Choosing the Right Algorithm

Algorithm	Best For	Pros	Cons
Cosine Similarity	NLP, semantic search	Ignores magnitude, fast	Not good for magnitude-based data
Euclidean Distance	Images, structured numeric features	Intuitive, works with magnitude	Slower in very high dimensions
k-d Tree	Geospatial, medium-dim embeddings	Efficient exact NN search	Struggles in very high dimensions

Performance & Trade-offs of Similarity Algorithms in Ahnlich DB

Ahnlich DB is optimized for real-time vector similarity search, but different algorithms behave differently depending on data size, dimensionality, and query type. Below is a detailed comparison.

1. Cosine Similarity

Speed: Very fast (linear scan over vectors).
Accuracy: High for semantic embeddings.
Memory Usage: Moderate, since normalization is required.
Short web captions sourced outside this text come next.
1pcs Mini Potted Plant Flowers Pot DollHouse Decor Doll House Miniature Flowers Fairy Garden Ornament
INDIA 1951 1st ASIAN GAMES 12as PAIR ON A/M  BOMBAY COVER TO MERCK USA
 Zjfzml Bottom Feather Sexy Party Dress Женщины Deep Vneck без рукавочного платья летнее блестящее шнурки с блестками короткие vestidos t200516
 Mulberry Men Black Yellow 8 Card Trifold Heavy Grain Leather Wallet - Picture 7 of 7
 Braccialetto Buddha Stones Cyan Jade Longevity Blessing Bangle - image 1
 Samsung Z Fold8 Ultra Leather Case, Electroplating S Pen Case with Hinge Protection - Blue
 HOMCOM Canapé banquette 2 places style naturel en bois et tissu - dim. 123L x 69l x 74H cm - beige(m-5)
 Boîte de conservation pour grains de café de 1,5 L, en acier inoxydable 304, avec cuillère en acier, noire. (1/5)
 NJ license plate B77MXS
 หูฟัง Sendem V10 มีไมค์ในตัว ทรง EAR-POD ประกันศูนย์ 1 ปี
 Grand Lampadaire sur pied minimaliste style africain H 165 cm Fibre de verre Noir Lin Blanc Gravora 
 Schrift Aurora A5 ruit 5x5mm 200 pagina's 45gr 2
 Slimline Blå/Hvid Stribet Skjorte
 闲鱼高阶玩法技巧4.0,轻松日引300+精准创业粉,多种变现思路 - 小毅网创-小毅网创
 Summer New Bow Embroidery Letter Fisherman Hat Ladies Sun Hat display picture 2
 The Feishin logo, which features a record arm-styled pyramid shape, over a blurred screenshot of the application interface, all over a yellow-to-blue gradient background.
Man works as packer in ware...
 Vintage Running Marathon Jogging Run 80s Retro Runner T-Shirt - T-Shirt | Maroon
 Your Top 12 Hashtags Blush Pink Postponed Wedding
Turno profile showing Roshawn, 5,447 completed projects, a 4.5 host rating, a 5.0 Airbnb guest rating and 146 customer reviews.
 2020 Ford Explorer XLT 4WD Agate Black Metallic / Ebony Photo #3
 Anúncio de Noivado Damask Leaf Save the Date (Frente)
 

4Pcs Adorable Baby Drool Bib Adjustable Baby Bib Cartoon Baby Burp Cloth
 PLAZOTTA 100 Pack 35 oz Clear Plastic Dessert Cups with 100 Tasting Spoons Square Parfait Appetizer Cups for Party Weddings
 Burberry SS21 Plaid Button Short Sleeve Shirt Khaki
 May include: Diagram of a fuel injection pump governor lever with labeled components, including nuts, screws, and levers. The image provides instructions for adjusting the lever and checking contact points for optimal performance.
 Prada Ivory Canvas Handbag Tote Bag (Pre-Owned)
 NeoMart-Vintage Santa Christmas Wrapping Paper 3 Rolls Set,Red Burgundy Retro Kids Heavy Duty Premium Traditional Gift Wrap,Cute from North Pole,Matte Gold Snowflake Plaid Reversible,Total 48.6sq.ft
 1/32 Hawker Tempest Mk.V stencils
Benchmark Insight (example):

Dataset: 1M text embeddings (768-dim BERT).
Avg. Query Latency: ~15ms (on 16-core CPU, in-memory).
Accuracy: 95% recall@10 compared to brute-force.

Best Trade-off:

Works best in high-dimensional semantic spaces (text, NLP).

2. Euclidean Distance

Speed: Similar to cosine, but distance calculations are slightly heavier.
Accuracy: High when magnitude matters.
Memory Usage: Higher than cosine if embeddings are not normalized.

Benchmark Insight (example):

Dataset: 5M product images (512-dim CLIP embeddings).
Avg. Query Latency: ~25ms.
Accuracy: 93% recall@10.

Best Trade-off:

Ideal for recommendations, computer vision, and structured numeric data.

3. k-d Tree (Non-Linear Index)

Accuracy: Exact nearest-neighbor search (100%).
Memory Usage: Higher (tree indexing overhead).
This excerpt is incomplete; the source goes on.